## Records shown
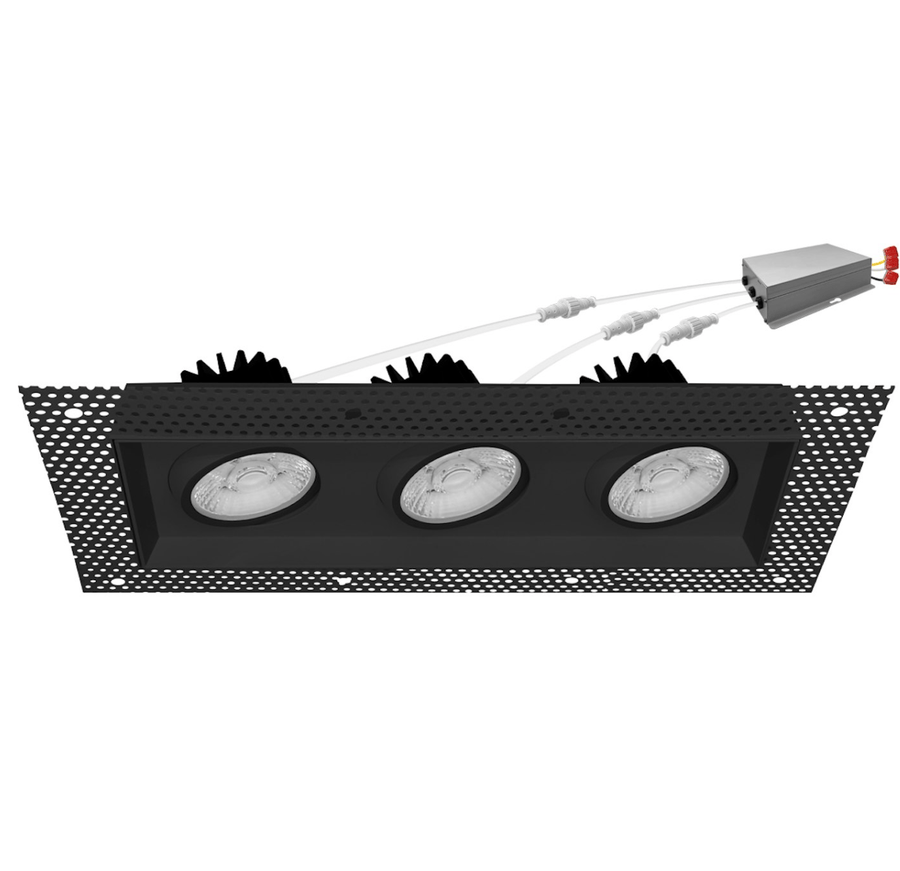 Envision LED 4" Multiple: Trimless Triple Head 5-CCT Selectable 45W - Black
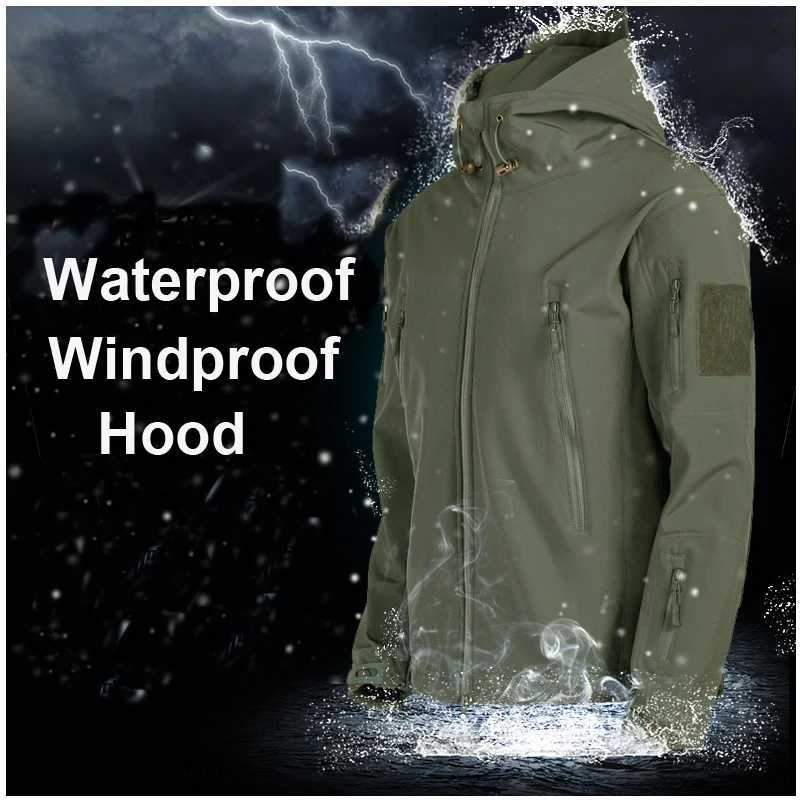 Mens waterproof hiking jacket outdoor soft shell set waterproof camouflage pants military tactical hooded wool coat winter W240905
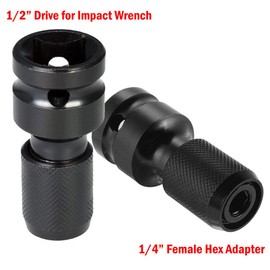 Gasea 2 Pack 1/2 Square Drive to 1/4 Hex Shank Socket Adapter Quick Release Chuck Converter for Impact Ratchet Wrench Screwdriver Bit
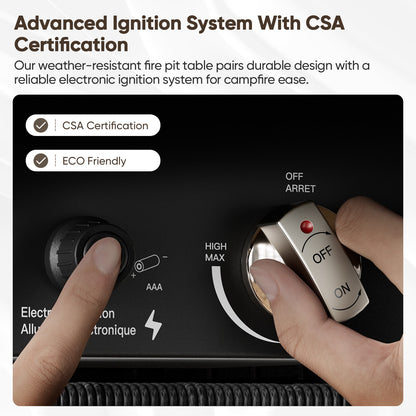 43" Rectangular Wicker Fire Pit Table with Lift-Up Adjustable Tabletop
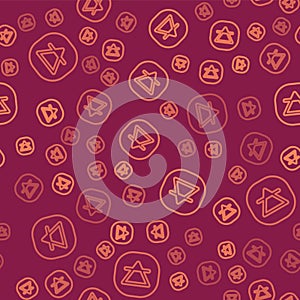 Brown line Air element of the symbol alchemy icon isolated seamless pattern on red background. Basic mystic elements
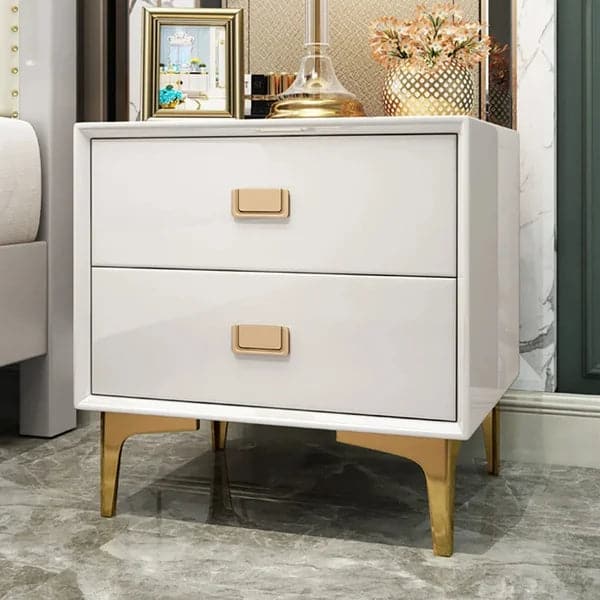 Modern White Nightstand 2 -Drawer Bedside Table in Gold Finish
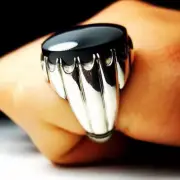 Black Habshi Al Kabadi Agate Ring Real Big Yemeni Aqeeq Ring Silver Band 925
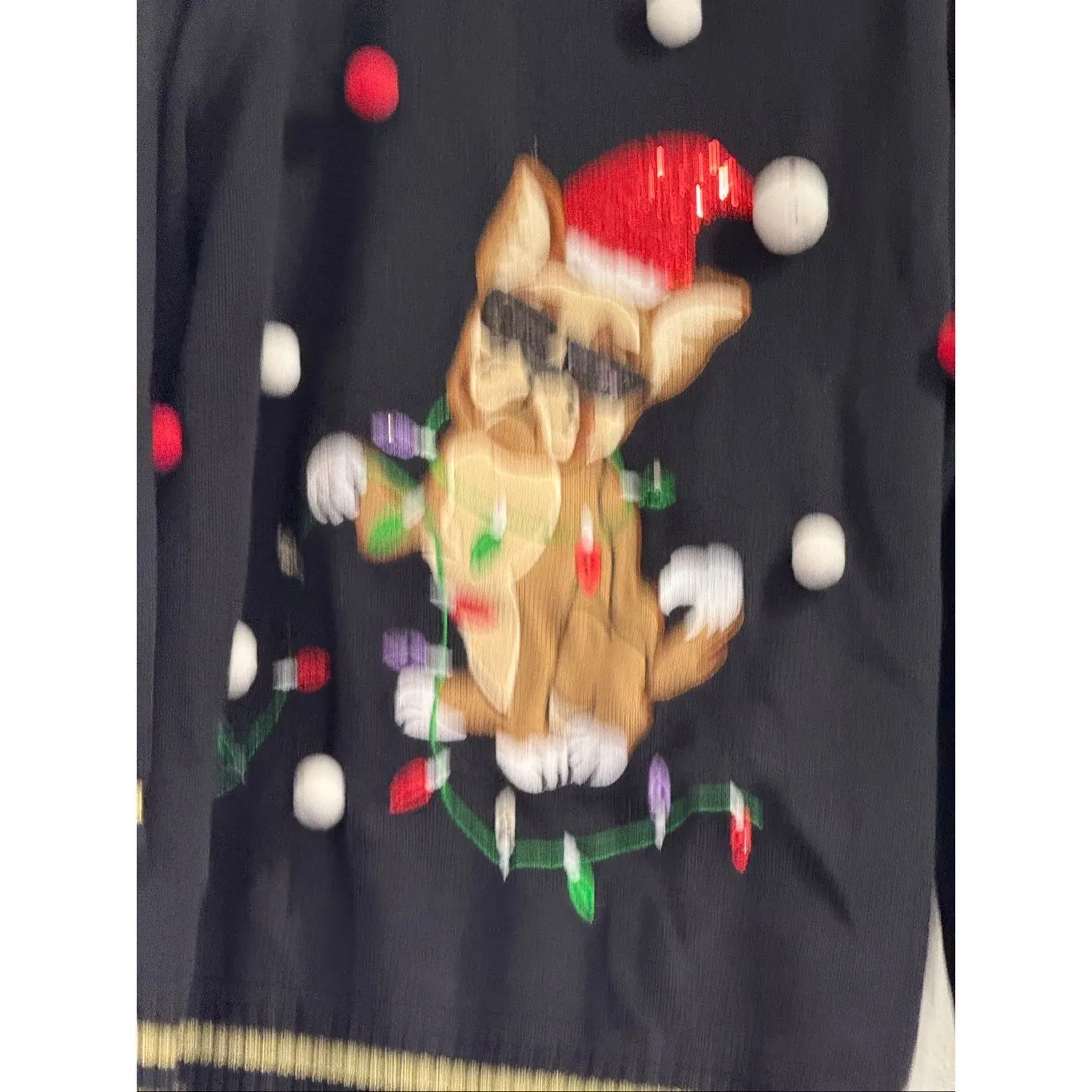 Holiday Time Women's Ugly Christmas Sweater Bulldog Embroidered Poms 3x dog - Image 2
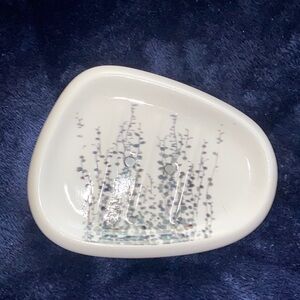 FLORAL ARTISAN CERAMIC SOAP DISH For Kitchen or Bath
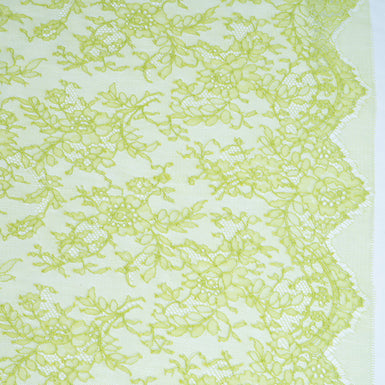 Lime Green Floral Chantilly Lace (A 2.70m Piece)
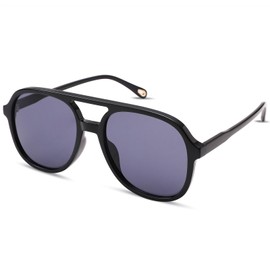 Pro Acme Vintage 70s Aviator Sunglasses for Womens Mens Retro Square Shades Double Bridge Sun Glasses UV400 Protection (Black/Grey)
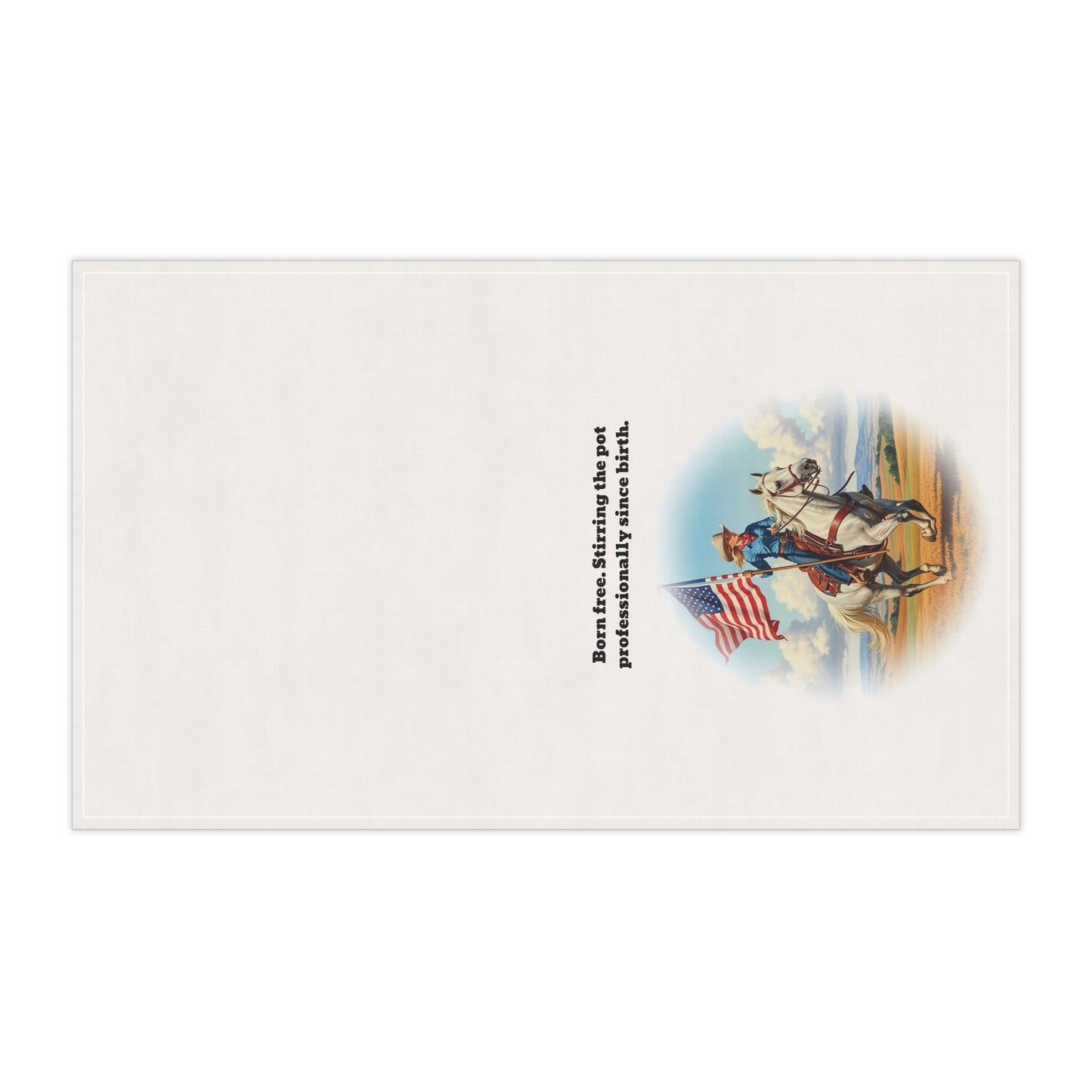 Born Free. Stirring the pot professionally since birth. Patriotic Tea Towels, Western Kitchen Decor, Farmhouse Style, Gift for Chefs, Americana Home Accents, July 4th Essentials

## Task
Return every line above word for word, minus images.

## Task response
 Envision LED 4" Multiple: Trimless Triple Head 5-CCT Selectable 45W - Black
 Mens waterproof hiking jacket outdoor soft shell set waterproof camouflage pants military tactical hooded wool coat winter W240905
 Gasea 2 Pack 1/2 Square Drive to 1/4 Hex Shank Socket Adapter Quick Release Chuck Converter for Impact Ratchet Wrench Screwdriver Bit
 43" Rectangular Wicker Fire Pit Table with Lift-Up Adjustable Tabletop
 Brown line Air element of the symbol alchemy icon isolated seamless pattern on red background. Basic mystic elements
 Modern White Nightstand 2 -Drawer Bedside Table in Gold Finish
 Black Habshi Al Kabadi Agate Ring Real Big Yemeni Aqeeq Ring Silver Band 925
 Holiday Time Women's Ugly Christmas Sweater Bulldog Embroidered Poms 3x dog - Image 2
 FLORAL ARTISAN CERAMIC SOAP DISH For Kitchen or Bath
 Lime Green Floral Chantilly Lace (A 2.70m Piece)
 Pro Acme Vintage 70s Aviator Sunglasses for Womens Mens Retro Square Shades Double Bridge Sun Glasses UV400 Protection (Black/Grey)
 Born Free. Stirring the pot professionally since birth. Patriotic Tea Towels, Western Kitchen Decor, Farmhouse Style, Gift for Chefs, Americana Home Accents, July 4th Essentials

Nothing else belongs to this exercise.